Pointcept / Pointcept

Pointcept: a codebase for point cloud perception research. Latest works: PTv3 (CVPR'24 Oral), PPT (CVPR'24), OA-CNNs (CVPR'24), MSC (CVPR'23)

Geek Repo:Geek Repo

Github PK Tool:Github PK Tool

Batch size less than 12 gives an error

aldinorizaldy opened this issue · comments

Hi @Gofinge ,

sorry for bothering you with this stupid question. If I use S3DIS data and batch_size = 12 in config file (the default value), it works perfectly. But if I reduce the size, it gives me an error.

I also have to set the batch size = 1 when I use another data (Vaihingen 3D) which has 1 point cloud for the train split. Otherwise I had similar error with this #163 (comment) because the batch size is larger than the train samples.

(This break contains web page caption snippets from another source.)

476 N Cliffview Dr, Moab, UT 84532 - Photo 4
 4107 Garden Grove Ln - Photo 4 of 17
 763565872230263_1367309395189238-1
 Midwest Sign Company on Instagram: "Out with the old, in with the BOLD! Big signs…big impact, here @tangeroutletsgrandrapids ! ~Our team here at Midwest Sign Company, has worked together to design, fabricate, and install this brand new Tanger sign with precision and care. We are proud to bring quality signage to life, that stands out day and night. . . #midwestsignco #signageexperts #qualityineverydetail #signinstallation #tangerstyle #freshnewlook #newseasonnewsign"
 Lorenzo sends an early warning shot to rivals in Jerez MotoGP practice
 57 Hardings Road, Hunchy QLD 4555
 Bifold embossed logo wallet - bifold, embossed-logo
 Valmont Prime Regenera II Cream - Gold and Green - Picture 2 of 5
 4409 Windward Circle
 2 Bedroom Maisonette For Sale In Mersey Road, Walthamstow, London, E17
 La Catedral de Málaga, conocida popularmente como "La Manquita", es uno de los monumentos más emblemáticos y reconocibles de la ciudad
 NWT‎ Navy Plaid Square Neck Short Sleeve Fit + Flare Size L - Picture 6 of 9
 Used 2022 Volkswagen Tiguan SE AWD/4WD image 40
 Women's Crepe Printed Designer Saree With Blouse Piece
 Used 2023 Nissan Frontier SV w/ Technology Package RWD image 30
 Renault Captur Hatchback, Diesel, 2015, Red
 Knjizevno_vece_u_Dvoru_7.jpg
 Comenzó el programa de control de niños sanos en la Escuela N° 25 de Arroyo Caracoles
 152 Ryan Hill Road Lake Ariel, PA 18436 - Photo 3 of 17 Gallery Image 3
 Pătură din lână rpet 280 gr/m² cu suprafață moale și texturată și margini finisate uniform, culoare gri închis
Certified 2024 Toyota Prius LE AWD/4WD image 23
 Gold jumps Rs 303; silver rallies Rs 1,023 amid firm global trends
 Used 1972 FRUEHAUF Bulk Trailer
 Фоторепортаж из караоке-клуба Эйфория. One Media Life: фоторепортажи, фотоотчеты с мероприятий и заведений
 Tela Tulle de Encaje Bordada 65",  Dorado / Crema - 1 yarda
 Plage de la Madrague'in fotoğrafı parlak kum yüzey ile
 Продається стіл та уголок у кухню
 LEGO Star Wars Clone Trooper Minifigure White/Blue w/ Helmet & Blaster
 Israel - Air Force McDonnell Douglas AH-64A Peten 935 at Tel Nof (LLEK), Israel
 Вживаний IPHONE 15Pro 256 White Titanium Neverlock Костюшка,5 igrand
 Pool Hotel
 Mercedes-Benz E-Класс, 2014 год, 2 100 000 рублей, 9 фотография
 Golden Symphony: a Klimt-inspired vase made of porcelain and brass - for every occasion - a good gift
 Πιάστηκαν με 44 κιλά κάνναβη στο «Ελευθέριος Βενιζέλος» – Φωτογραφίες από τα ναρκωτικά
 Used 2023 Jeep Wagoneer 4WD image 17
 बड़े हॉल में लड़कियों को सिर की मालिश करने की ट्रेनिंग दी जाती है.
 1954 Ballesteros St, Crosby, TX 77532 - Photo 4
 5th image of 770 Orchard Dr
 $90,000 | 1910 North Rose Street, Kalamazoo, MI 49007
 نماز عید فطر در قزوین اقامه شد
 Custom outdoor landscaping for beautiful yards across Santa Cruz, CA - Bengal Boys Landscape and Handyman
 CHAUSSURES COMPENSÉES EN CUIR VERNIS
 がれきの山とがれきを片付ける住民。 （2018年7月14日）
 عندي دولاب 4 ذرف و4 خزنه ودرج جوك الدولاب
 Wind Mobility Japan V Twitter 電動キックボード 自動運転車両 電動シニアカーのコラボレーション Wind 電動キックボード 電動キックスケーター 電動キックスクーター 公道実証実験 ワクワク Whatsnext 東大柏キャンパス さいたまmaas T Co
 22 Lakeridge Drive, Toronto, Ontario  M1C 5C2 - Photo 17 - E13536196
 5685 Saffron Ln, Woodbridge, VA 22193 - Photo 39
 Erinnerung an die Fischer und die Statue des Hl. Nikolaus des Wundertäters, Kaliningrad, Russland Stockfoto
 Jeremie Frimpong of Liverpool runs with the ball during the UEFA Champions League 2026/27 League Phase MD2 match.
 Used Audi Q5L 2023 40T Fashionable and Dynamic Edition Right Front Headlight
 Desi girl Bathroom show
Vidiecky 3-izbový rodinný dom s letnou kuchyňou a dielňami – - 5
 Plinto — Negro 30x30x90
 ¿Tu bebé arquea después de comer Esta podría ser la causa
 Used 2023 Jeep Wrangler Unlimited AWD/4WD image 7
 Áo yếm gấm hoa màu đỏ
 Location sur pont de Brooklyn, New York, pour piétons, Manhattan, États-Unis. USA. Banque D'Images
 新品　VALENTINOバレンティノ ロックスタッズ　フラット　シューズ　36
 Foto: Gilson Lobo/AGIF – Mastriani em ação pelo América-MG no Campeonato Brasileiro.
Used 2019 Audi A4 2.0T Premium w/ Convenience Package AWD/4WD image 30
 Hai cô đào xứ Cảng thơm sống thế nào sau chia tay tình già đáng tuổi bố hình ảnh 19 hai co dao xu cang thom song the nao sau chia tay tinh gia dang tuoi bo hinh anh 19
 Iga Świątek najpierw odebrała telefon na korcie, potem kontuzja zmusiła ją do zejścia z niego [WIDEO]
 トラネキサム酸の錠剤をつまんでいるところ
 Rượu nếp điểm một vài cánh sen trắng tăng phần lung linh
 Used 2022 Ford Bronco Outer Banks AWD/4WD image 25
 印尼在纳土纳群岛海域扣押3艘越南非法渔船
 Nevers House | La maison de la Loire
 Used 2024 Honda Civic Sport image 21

I've tried looking for the same error but it seems no one has experienced this error.

This is the error

 =========> RUN TASK <=========
/opt/conda/lib/python3.8/site-packages/MinkowskiEngine-0.5.4-py3.8-linux-x86_64.egg/MinkowskiEngine/__init__.py:36: UserWarning: The environment variable `OMP_NUM_THREADS` not set. MinkowskiEngine will automatically set `OMP_NUM_THREADS=16`. If you want to set `OMP_NUM_THREADS` manually, please export it on the command line before running a python script. e.g. `export OMP_NUM_THREADS=12; python your_program.py`. It is recommended to set it below 24.
  warnings.warn(
Traceback (most recent call last):
  File "exp/vaihingen3d/v3d_semseg-spunet-v1m1-0-base/code/tools/train.py", line 38, in <module>
    main()
  File "exp/vaihingen3d/v3d_semseg-spunet-v1m1-0-base/code/tools/train.py", line 27, in main
    launch(
  File "/home/rizald42/containers/Pointcept/exp/vaihingen3d/v3d_semseg-spunet-v1m1-0-base/code/pointcept/engines/launch.py", line 74, in launch
    mp.spawn(
  File "/opt/conda/lib/python3.8/site-packages/torch/multiprocessing/spawn.py", line 240, in spawn
    return start_processes(fn, args, nprocs, join, daemon, start_method='spawn')
  File "/opt/conda/lib/python3.8/site-packages/torch/multiprocessing/spawn.py", line 198, in start_processes
    while not context.join():
  File "/opt/conda/lib/python3.8/site-packages/torch/multiprocessing/spawn.py", line 160, in join
    raise ProcessRaisedException(msg, error_index, failed_process.pid)
torch.multiprocessing.spawn.ProcessRaisedException: 

-- Process 2 terminated with the following error:
Traceback (most recent call last):
  File "/opt/conda/lib/python3.8/site-packages/torch/multiprocessing/spawn.py", line 69, in _wrap
    fn(i, *args)
  File "/home/rizald42/containers/Pointcept/exp/vaihingen3d/v3d_semseg-spunet-v1m1-0-base/code/pointcept/engines/launch.py", line 137, in _distributed_worker
    main_func(*cfg)
  File "/home/rizald42/containers/Pointcept/exp/vaihingen3d/v3d_semseg-spunet-v1m1-0-base/code/tools/train.py", line 18, in main_worker
    cfg = default_setup(cfg)
  File "/home/rizald42/containers/Pointcept/exp/vaihingen3d/v3d_semseg-spunet-v1m1-0-base/code/pointcept/engines/defaults.py", line 136, in default_setup
    assert cfg.batch_size % world_size == 0
AssertionError

Thanks!!

As the AssertionError said, batch_size % world_size should be 0 (e.g. 12 % 4 == 0).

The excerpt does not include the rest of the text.